TASK STATEMENT
Transcribe only the lines in the data below falling between the line with "battlefield_(series) battlefield_1 belt_pouch" and the line with "Lipsy Neutral Cable", including those two lines, and leave out any picture.

SUPPLIED INFORMATION
========================================

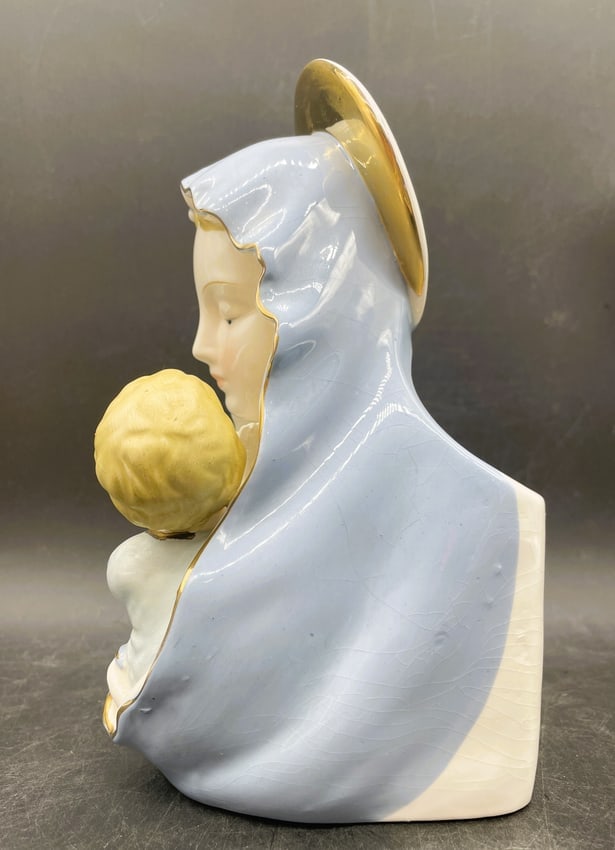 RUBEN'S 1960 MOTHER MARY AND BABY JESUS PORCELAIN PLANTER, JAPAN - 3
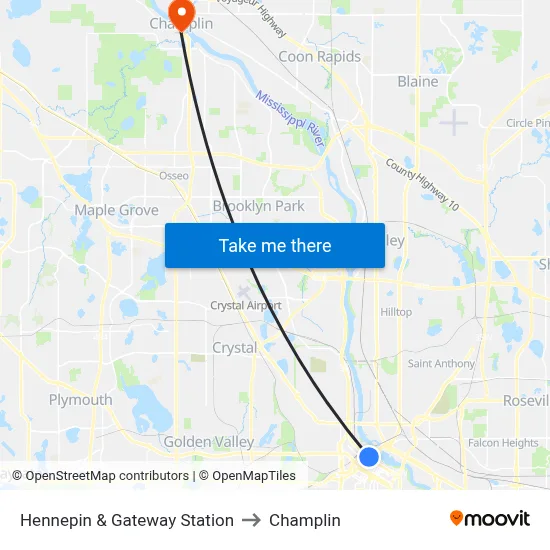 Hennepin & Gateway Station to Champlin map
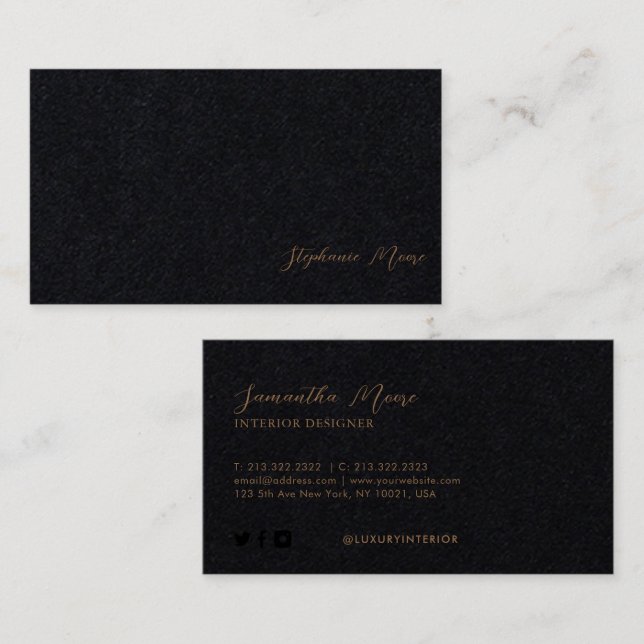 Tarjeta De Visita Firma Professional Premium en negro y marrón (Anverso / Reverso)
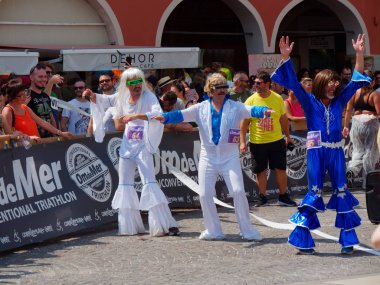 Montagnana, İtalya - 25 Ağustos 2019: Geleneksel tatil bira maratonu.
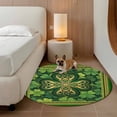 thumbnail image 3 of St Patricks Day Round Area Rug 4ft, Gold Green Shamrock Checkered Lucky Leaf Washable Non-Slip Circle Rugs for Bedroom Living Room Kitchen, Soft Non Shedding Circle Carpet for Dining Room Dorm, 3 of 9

========================================

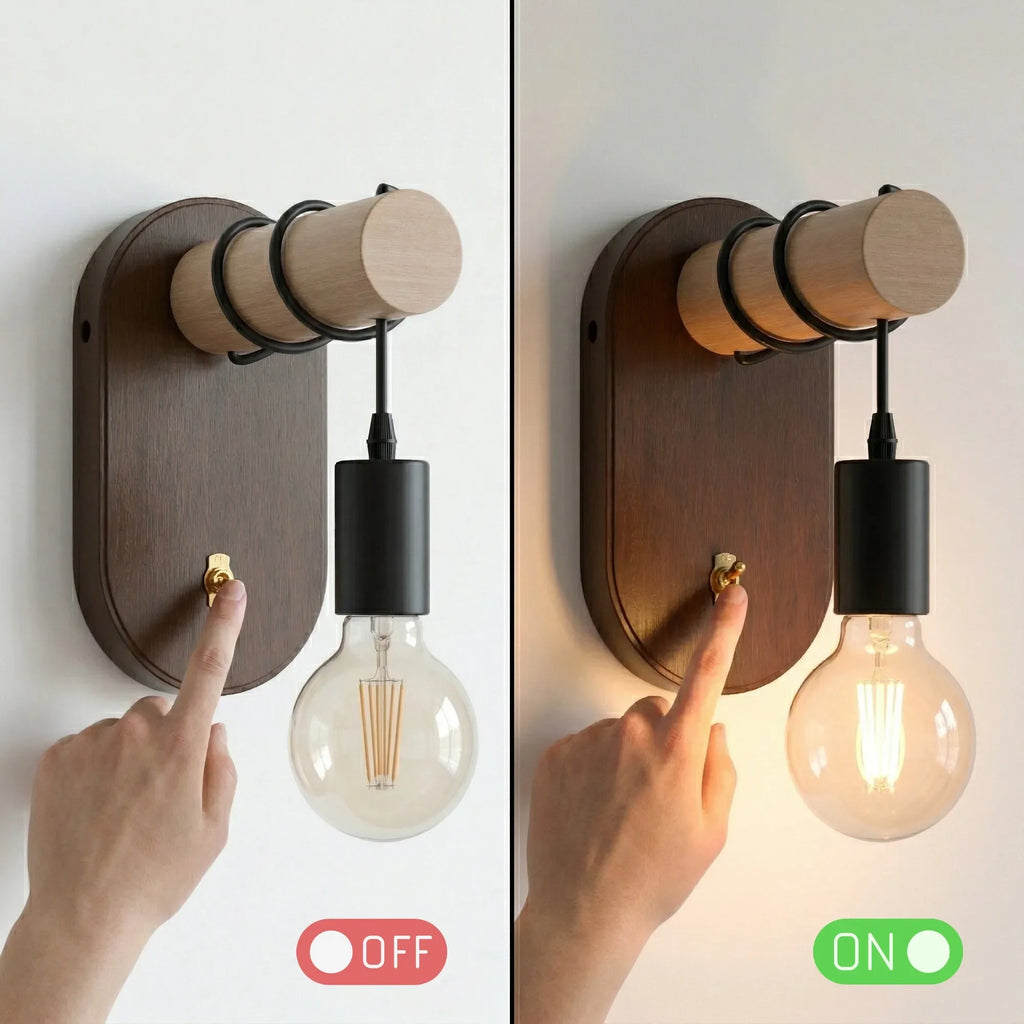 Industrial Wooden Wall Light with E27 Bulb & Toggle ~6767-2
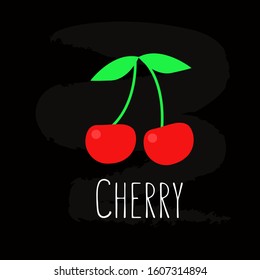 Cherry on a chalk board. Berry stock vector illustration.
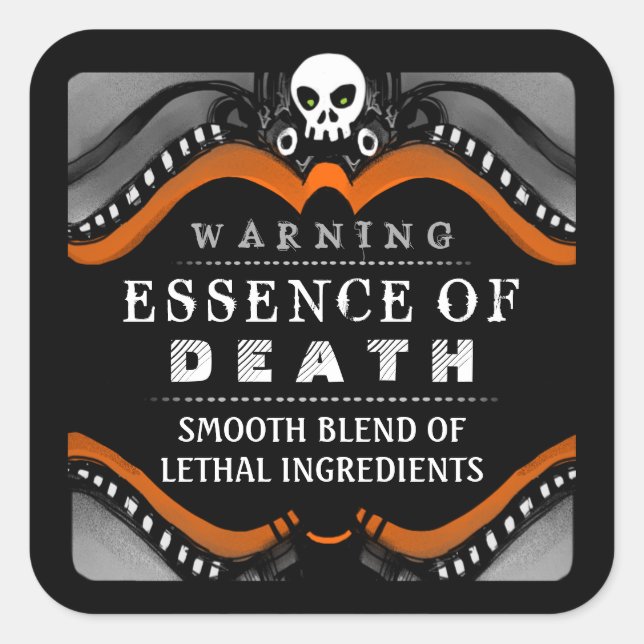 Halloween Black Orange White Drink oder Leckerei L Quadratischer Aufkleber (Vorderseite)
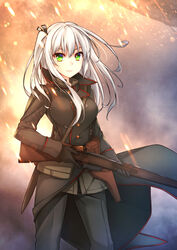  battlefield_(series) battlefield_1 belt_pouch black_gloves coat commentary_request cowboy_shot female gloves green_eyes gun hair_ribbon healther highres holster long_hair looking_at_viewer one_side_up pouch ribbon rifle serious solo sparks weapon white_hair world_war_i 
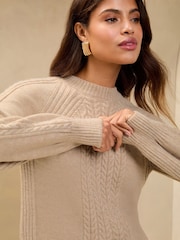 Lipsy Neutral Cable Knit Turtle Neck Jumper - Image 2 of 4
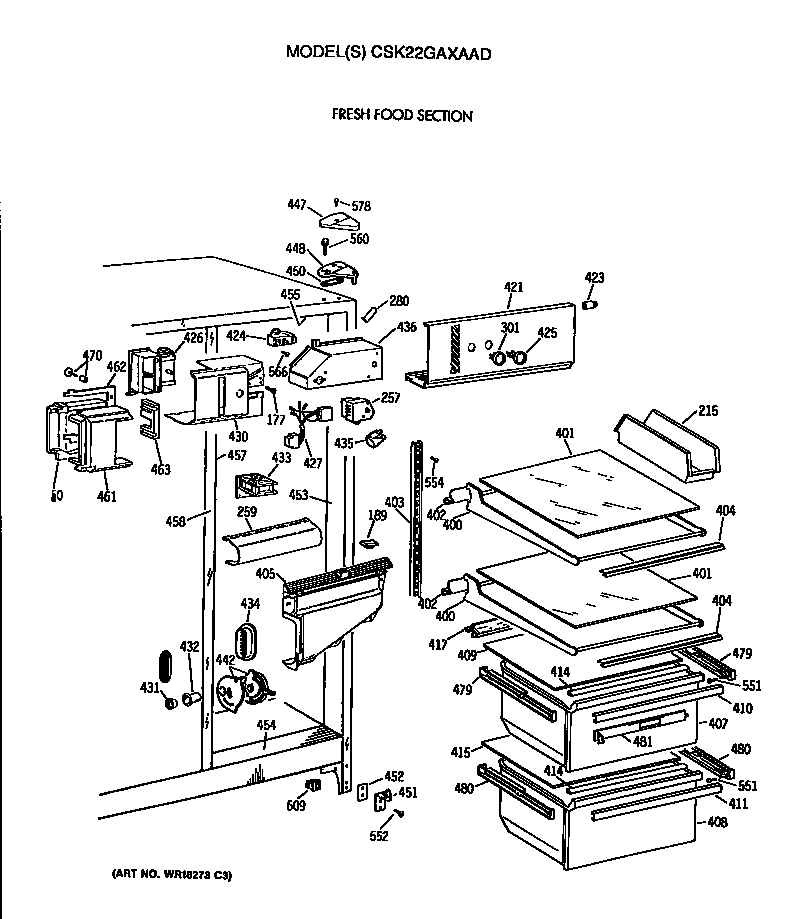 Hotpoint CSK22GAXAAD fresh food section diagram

========================================

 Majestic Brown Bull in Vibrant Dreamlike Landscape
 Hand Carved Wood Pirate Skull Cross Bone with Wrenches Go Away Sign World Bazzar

========================================

RESULT FOR THIS TASK
  battlefield_(series) battlefield_1 belt_pouch black_gloves coat commentary_request cowboy_shot female gloves green_eyes gun hair_ribbon healther highres holster long_hair looking_at_viewer one_side_up pouch ribbon rifle serious solo sparks weapon white_hair world_war_i 
 Lipsy Neutral Cable Knit Turtle Neck Jumper - Image 2 of 4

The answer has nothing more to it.